I Want You Back (Want You #1)(86)



Early on Mom realized that hockey wasn’t a hobby sport for me; it was everything. In retrospect, that’s probably why she refused to let Nolan play. At the time she claimed she wouldn’t raise her sons to be rivals and hand them sticks to beat each other with. But looking back on the sheer number of hours it entailed getting me to practices and games and hockey camps . . . I suspected she’d had her fill of the hockey mom life with me. Yet even through my adulthood, she’d attended my college and pro hockey games. I’d never asked her if my retirement was a relief. And here I was, less than a year after retirement, back in the arena with her only grandchild following in my footsteps.

“You okay?” Lucy asked, adding another couple of strokes down my back.

I loved having her affection, from the soul-stealing kisses to something as simple as a touch. “Not really.”

She whispered, “I’ll bail you out if you get thrown in jail for taking a swing at him.”

“Are you advocating violence, Lucy Q?”

“Just this one time, so make it good.”

Laughing, I turned and kissed the crown of her head. “He’s the type that’ll sue, so no threats. Besides, that’s not a side of me that our daughter needs to witness.”

The instant that phrase left my mouth I knew it’d come back to bite me in the ass.

And it did, sooner than I’d expected, when Coach Dumbass opted to pull the goalie with five minutes remaining in the third period.

After the visiting team scored two more goals in less than a minute, another parent started raising a stink.

“Come on. Give ’em a little dignity, Coach D.”

“Have a heart.”

Someone else said, “He doesn’t have a brain, so as far as I’m concerned his heart is in question too.”

Lucy snickered beside me.

Gabi spoke to Coach D loud enough that I heard it. “Come on. Ask the ref to end the game. Pulling the goalie makes you look like a fool.”

Wrong thing to say.

“You’re out of line and that means you’re out of here,” he said, pointing to the locker room entrance. “Leave the ice.”

She laughed. “Make me, little man.”

He yelled for a time-out, then he turned his venom on her, ignoring his team skating toward him for instructions.

“You think you can boss me around and get away with it? You figure you’re such a big shot that you’re immune from repercussions? Wrong. I will have you fired, just like that.” He snapped his fingers in her face. “Now get off my bench.”

And that did it.

I stood up. “If Coach Welk leaves the ice, so will my kid.”

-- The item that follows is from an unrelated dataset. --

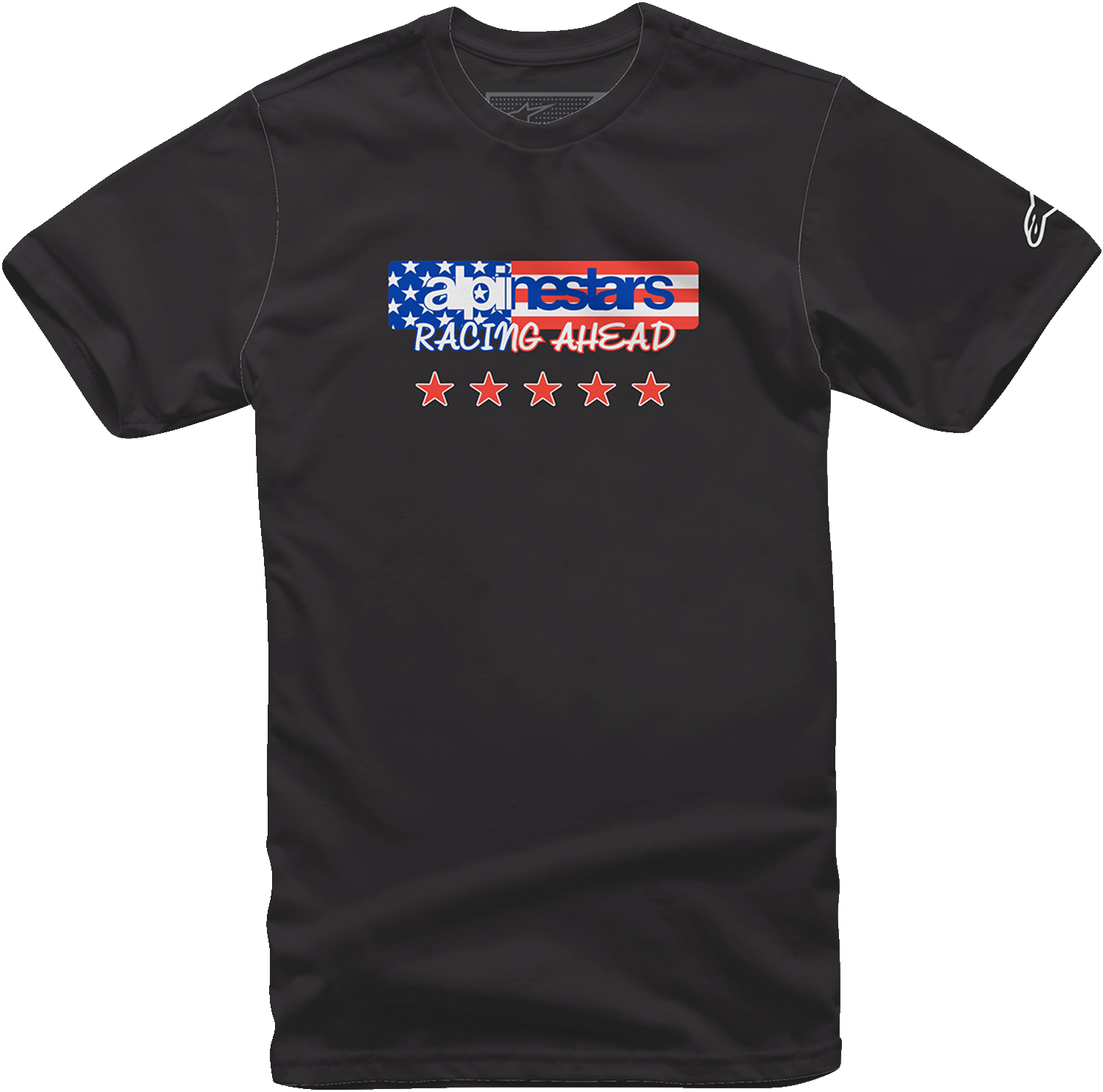 ALPINESTARS, Alpinestars USA Again T-Shirt in Black - 2XL by Alpinestars Part 12137261010XXL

“Mine too,” someone said behind me.

Then the bleachers shook as every parent stood in solidarity.

His face had turned the color of an eggplant. “You’re all banned, hear me? From games and practices in this rink. I’ll see to it.”

“Try and keep me from my kid even one second of ice time, Dennis, and you’ll see exactly how I earned my nickname.”

His eyes widened. I knew he knew who I was, but he’d never acknowledged it to me.

Until that moment when he opened his big mouth. “You’ve got no power here, Lund, so get over yourself.”

“I don’t want power. I want my daughter to learn the skills to play hockey, and that’s not happening with you as her coach.”

“Stonewall is right,” a woman chimed in.

“If it was one of us complaining about your lack of coaching experience and skills, it’d be one thing. But all of us?” another guy inserted. “We’re done letting you call the shots.”

“Yeah, where’s the rink manager?” someone else said.

Margene had been sitting at the officials’ table. But as soon as Gabi signaled to her, she skated over.

“What’s going on here?” she demanded.

That’s when the ref got involved. “We’ve got a serious delay of game, so wrap this up and deal with it later.”

“No,” Gabi said. “We’re forfeiting.”

Coach D sputtered like a teakettle about to boil over. “You d-d-don’t. She c-c-can’t—”

“As the assistant coach, she can make that decision,” Margene retorted. To the ref she said, “Call it.”

The ref skated to center ice and blew the whistle.

That’s when I realized whatever was going on between the coach and the parents, the kids didn’t need to witness it. I turned and faced the group of about twenty-five behind me. “Who can supervise the kids in the locker rooms while we deal with this?”

Two hands went up, and then they were herding kids away.

Margene looked at Coach D, furiously texting on his cell. She said, “Put it away, Dennis, and quit tattling to your aunt.”

“That’s not who I’m texting,” he snapped back. “I think the Tribune sports section would love an exclusive on how Stonewall Lund is a bully and a troublemaker at a private ice rink where his daughter is enrolled.”

That smarmy little fucker.

Lucy’s hand on my arm kept me from launching myself at him. Or maybe her death grip was so she wouldn’t go after him after he brought Mimi into this.

While Coach Dipshit grinned like he’d just won the lottery, Gabi reached over, plucked his phone from his hand and smashed it beneath her skate.